### [Data section]
•••

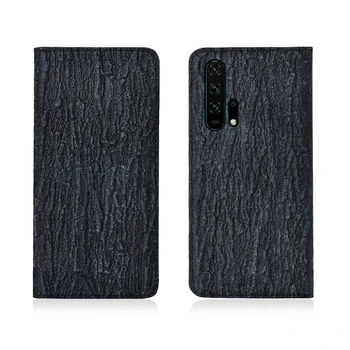 

Luxury Bark Pattern Genuine Leather Magnetic Flip Phone Case For Huawei Honor 20 Pro/Honor 20i/Honor 20 Phone Cover Card Slot
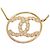 Collana Chanel Gold CC Placcata Oro con Pendente Rotondo Strass D'oro - vista 4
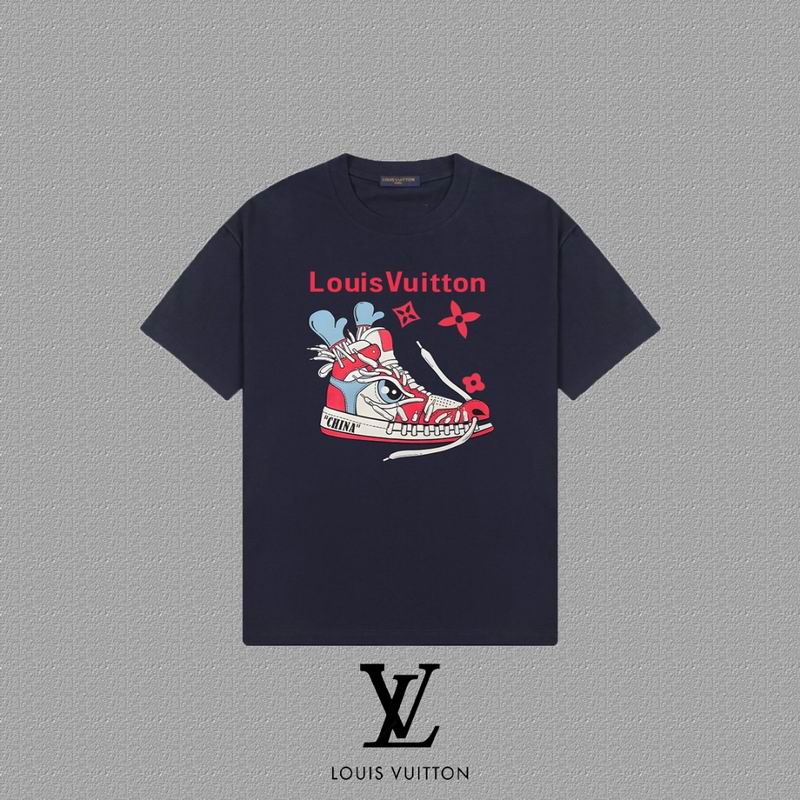 Wholesale Cheap Louis Vuitton Womens Short Round Collar T Shirts for Sale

•••

### [Task directions]
From the first line to the last, reproduce the listing above exactly, leaving the pictures out.

### [Response below]
Luxury Bark Pattern Genuine Leather Magnetic Flip Phone Case For Huawei Honor 20 Pro/Honor 20i/Honor 20 Phone Cover Card Slot
 Collana Chanel Gold CC Placcata Oro con Pendente Rotondo Strass D'oro - vista 4
 Wholesale Cheap Louis Vuitton Womens Short Round Collar T Shirts for Sale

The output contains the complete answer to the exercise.